210 Course Schedule II¶
There are a total of n courses you have to take labelled from 0 to n - 1.
Some courses may have prerequisites, for example, if prerequisites[i] = [ai, bi] this means you must take the course bi before the course ai.
Given the total number of courses numCourses and a list of the prerequisite pairs, return the ordering of courses you should take to finish all courses.
If there are many valid answers, return any of them. If it is impossible to finish all courses, return an empty array.
Example 1:
Input: numCourses = 2, prerequisites = [[1,0]]
Output: [0,1]
Explanation: There are a total of 2 courses to take. To take course 1 you should have finished course 0. So the correct course order is [0,1].
Example 2:
Input: numCourses = 4, prerequisites = [[1,0],[2,0],[3,1],[3,2]]
Output: [0,2,1,3]
Explanation: There are a total of 4 courses to take. To take course 3 you should have finished both courses 1 and 2. Both courses 1 and 2 should be taken after you finished course 0.
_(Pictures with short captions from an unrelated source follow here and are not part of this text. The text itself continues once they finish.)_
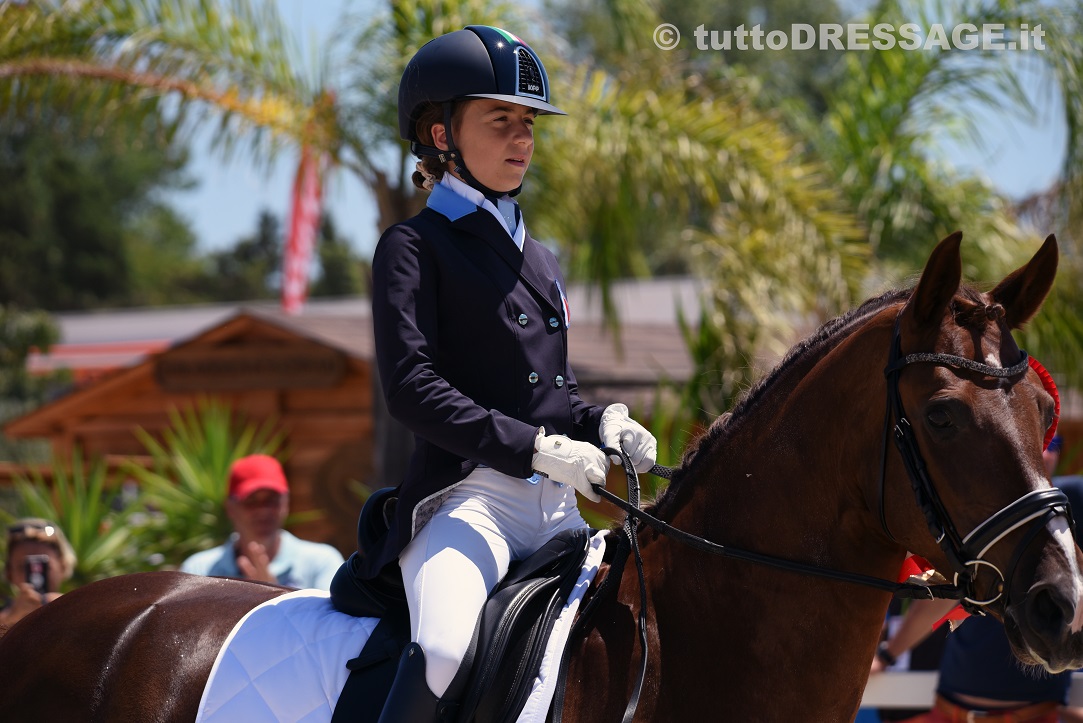 Alessia Volpini e May entrano nell' arena di Oliva Nova per il loro giro d' onore europeo (photo © tuttoDRESSAGE).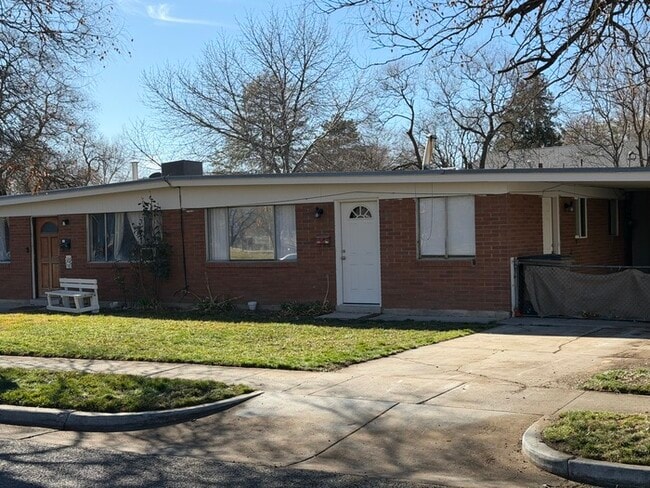 Building Photo - 833 N Riverside Dr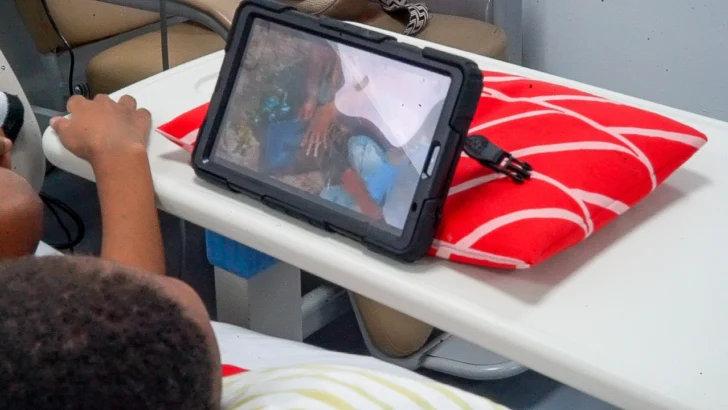 CTC lleva tablets a niños del Hospital Infantil Robert Reid Cabral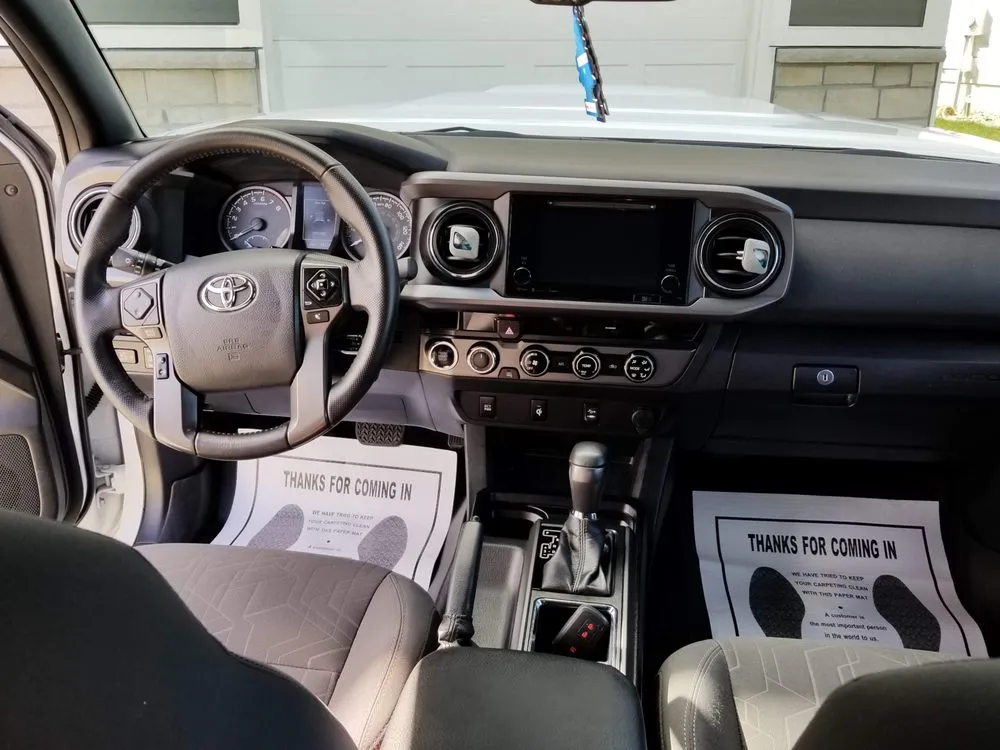 Professional outdoor landscaping in Urbandale, IA - Antonios mobile detailing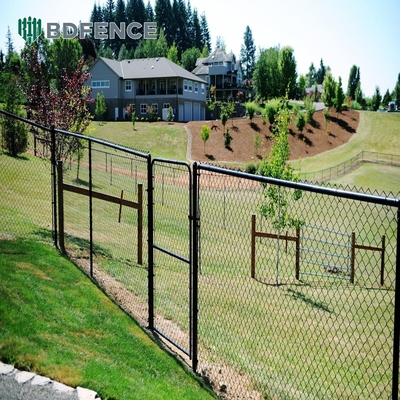 Cortile da tennis Galvanizzato Chainlink Recinzione Rollo Ciclone Filato Diamante Maglia Nera Pvc Rivestito 6ft 8ft Maglia Apertura 50*50mm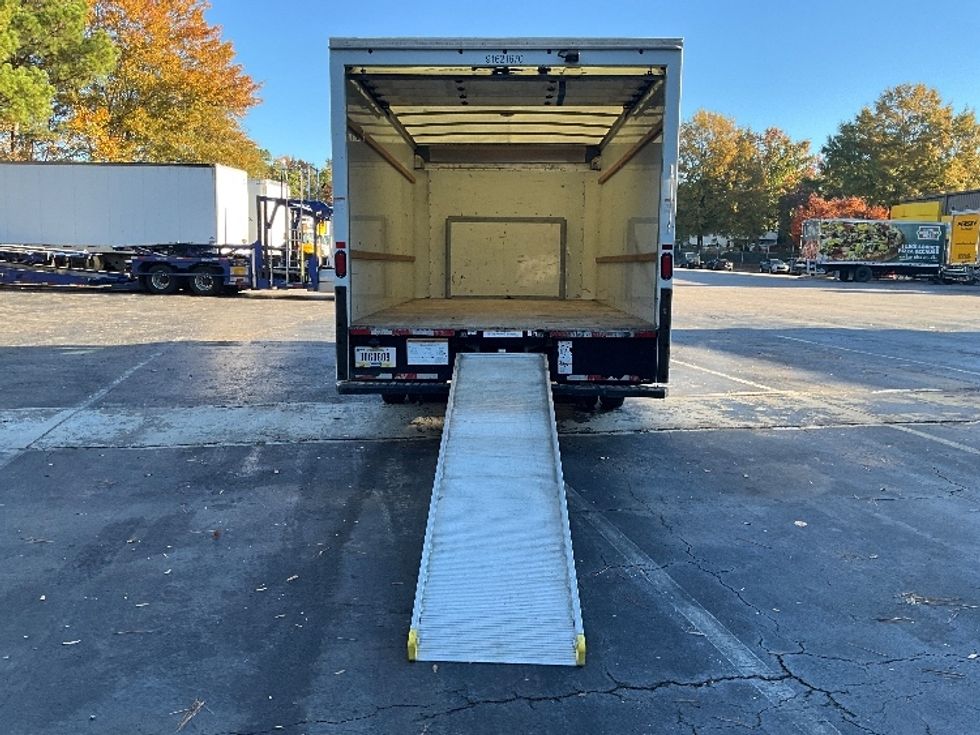 Light Duty Box Truck-Light and Medium Duty Trucks-Ford-2022-E350-Mebane-NC-124,463\n\t\tmiles-$ 29,250 - Image 9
So one correct course order is [0,1,2,3]. Another correct ordering is [0,2,1,3].
Example 3:
Note:¶
- The input prerequisites is a graph represented by a list of edges, not adjacency matrices. Read more about how a graph is represented.
- You may assume that there are no duplicate edges in the input prerequisites.
:::tip Idea Topological sorting :::
Solution 1: Topological Sorting¶
Time complexity: \(O(V+E)\) Space complexity: \(O(V+E)\)
// Runtime: 83 ms
class Solution {
public int[] findOrder(int numCourses, int[][] prerequisites) {
ArrayList<ArrayList<Integer>> graph = new ArrayList<>();
for (int i = 0; i < numCourses; ++i)
graph.add(new ArrayList<Integer>());
for (int i = 0; i < prerequisites.length; ++i) {
int course = prerequisites[i][0];
int prerequisite = prerequisites[i][1];
graph.get(course).add(prerequisite);
}
int[] visited = new int[numCourses];
List<Integer> ans = new ArrayList<Integer>();
Integer index = numCourses;
for (int i = 0; i < numCourses; ++i)
if (dfs(i, graph, visited, ans)) return new int[0];
return ans.stream().mapToInt(i->i).toArray();
}
private boolean dfs(int curr, ArrayList<ArrayList<Integer>> graph, int[] visited, List<Integer> ans) {
if (visited[curr] == 1) return true;
if (visited[curr] == 2) return false;
visited[curr] = 1;
for (int next : graph.get(curr))
if (dfs(next, graph, visited, ans)) return true;
visited[curr] = 2;
ans.add(curr);
return false;
}
}